What the task requires: From the line containing "TM50　シャフト：Diamana Blue TM50_4" through the last line below, copy every line exactly, leaving out the pictures.
· · · · · · ·
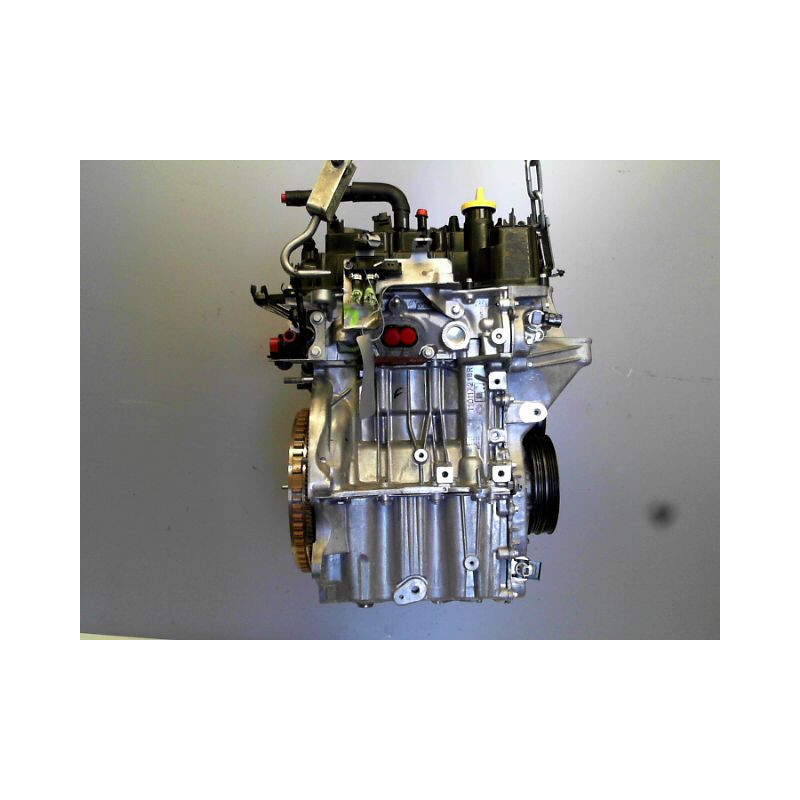 MOTEUR ESSENCE DACIA SANDERO 1.0 SCe 65
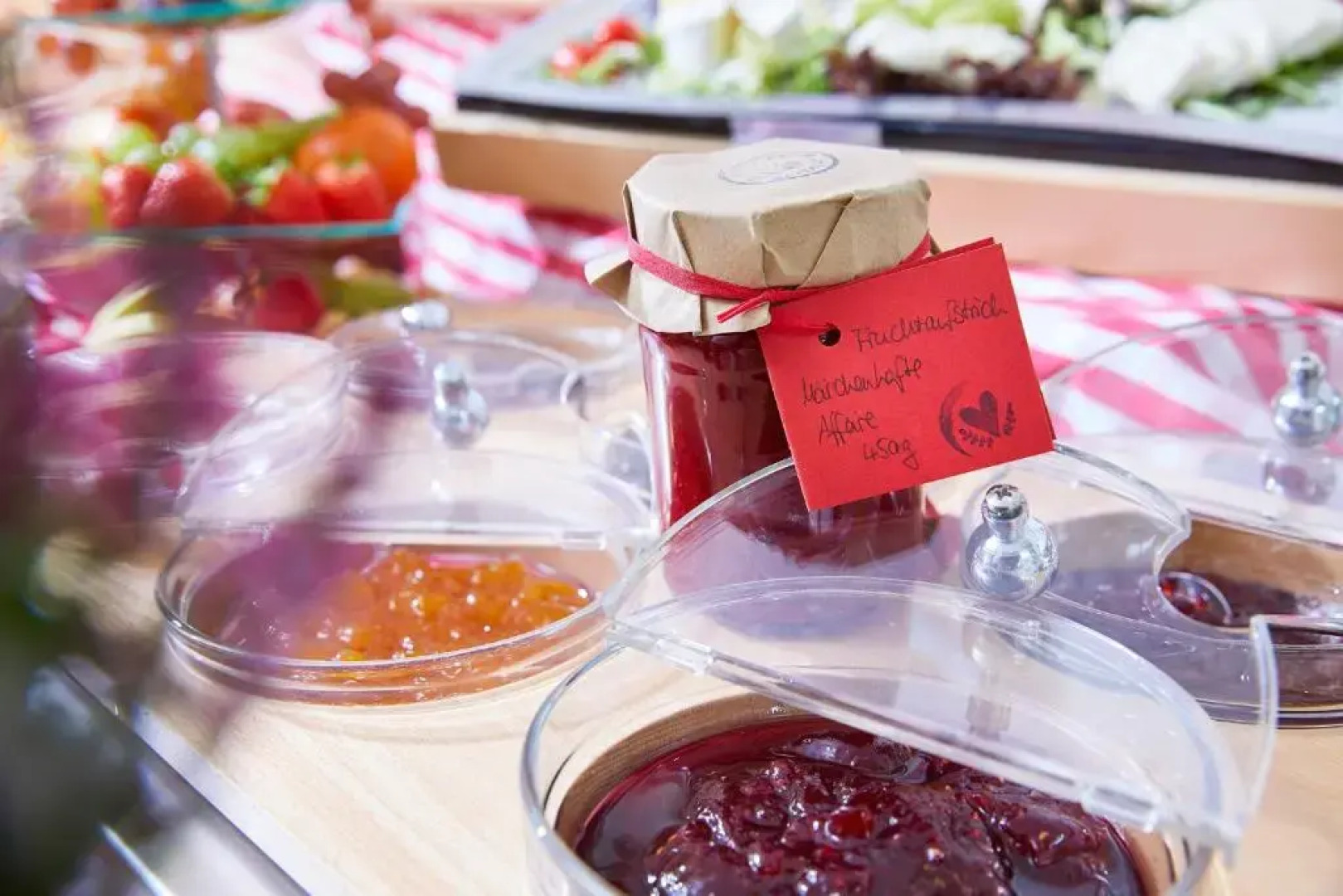 Hotel Haus vom guten Hirten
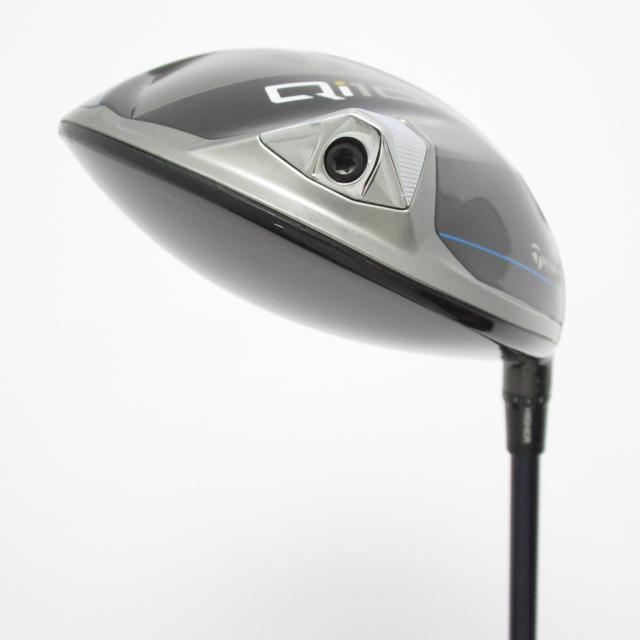 【中古ゴルフクラブ】テーラーメイド　Qi10　Qi10 ドライバー Diamana Blue TM50　シャフト：Diamana Blue TM50_4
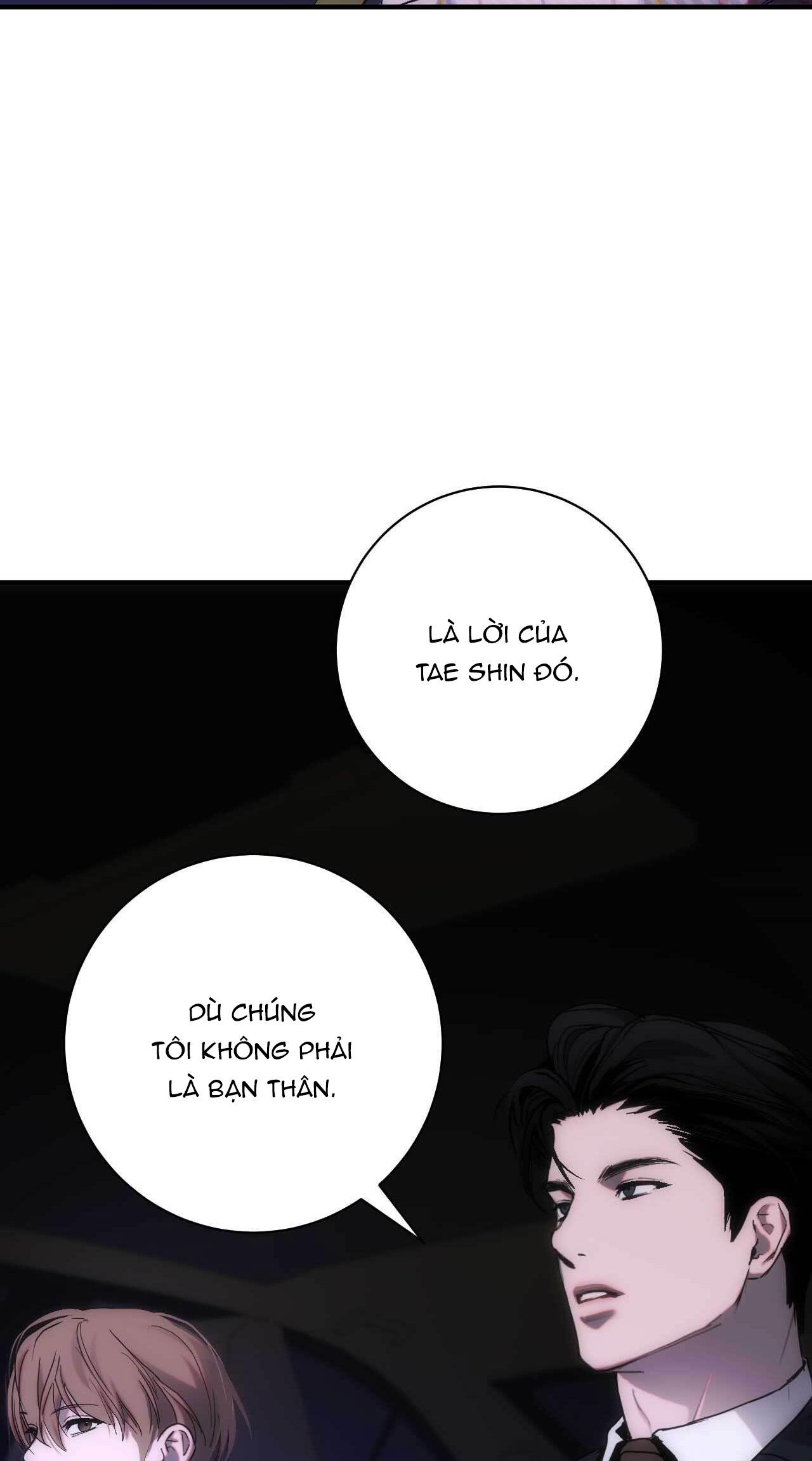 Đọc truyện CHÌM TRONG KHOÁI LẠC - Chapter 13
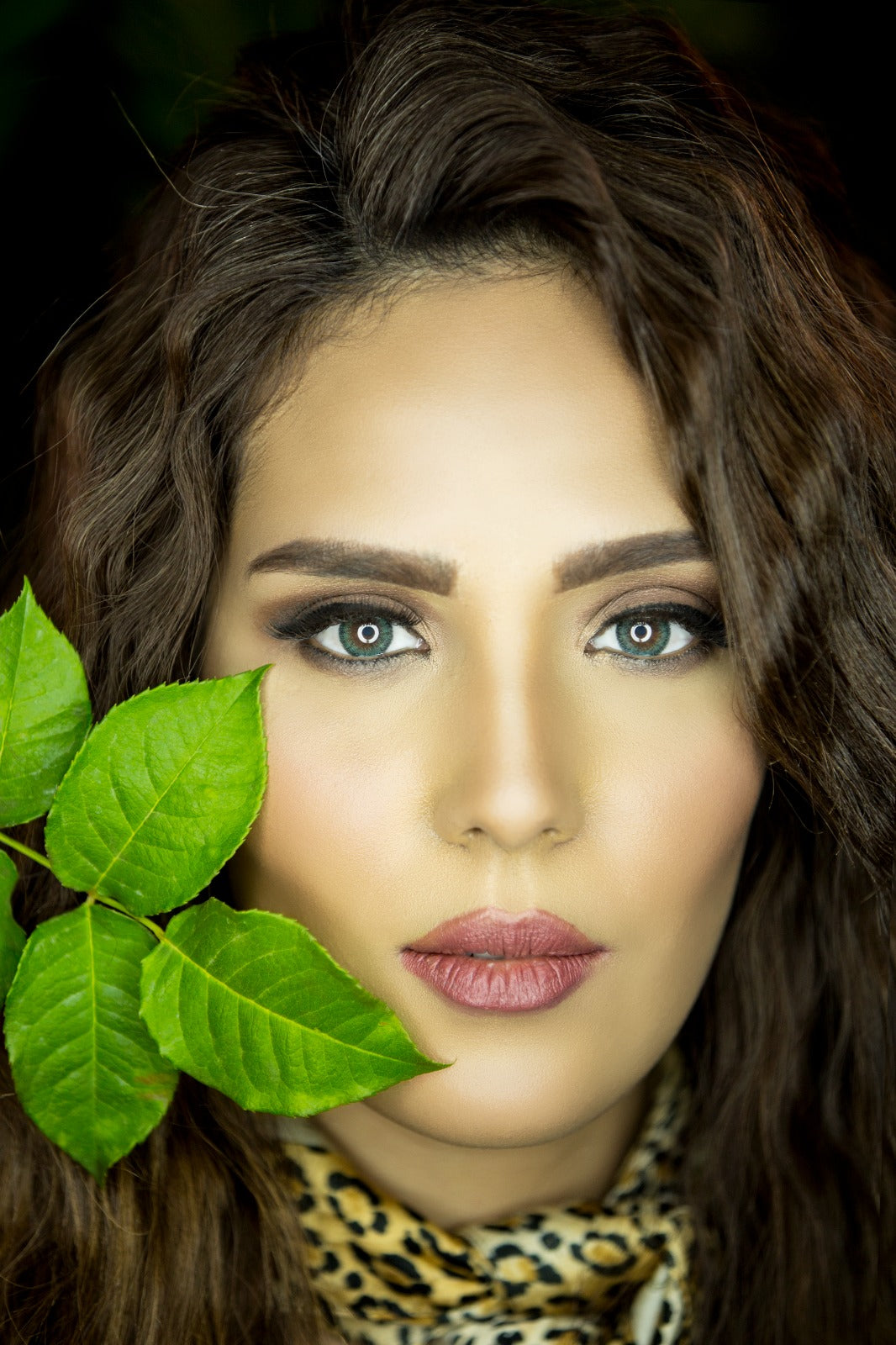 ADORE, Bi green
· · · · · · ·
Solution:
 【中古ゴルフクラブ】テーラーメイド　Qi10　Qi10 ドライバー Diamana Blue TM50　シャフト：Diamana Blue TM50_4
 Đọc truyện CHÌM TRONG KHOÁI LẠC - Chapter 13
 ADORE, Bi green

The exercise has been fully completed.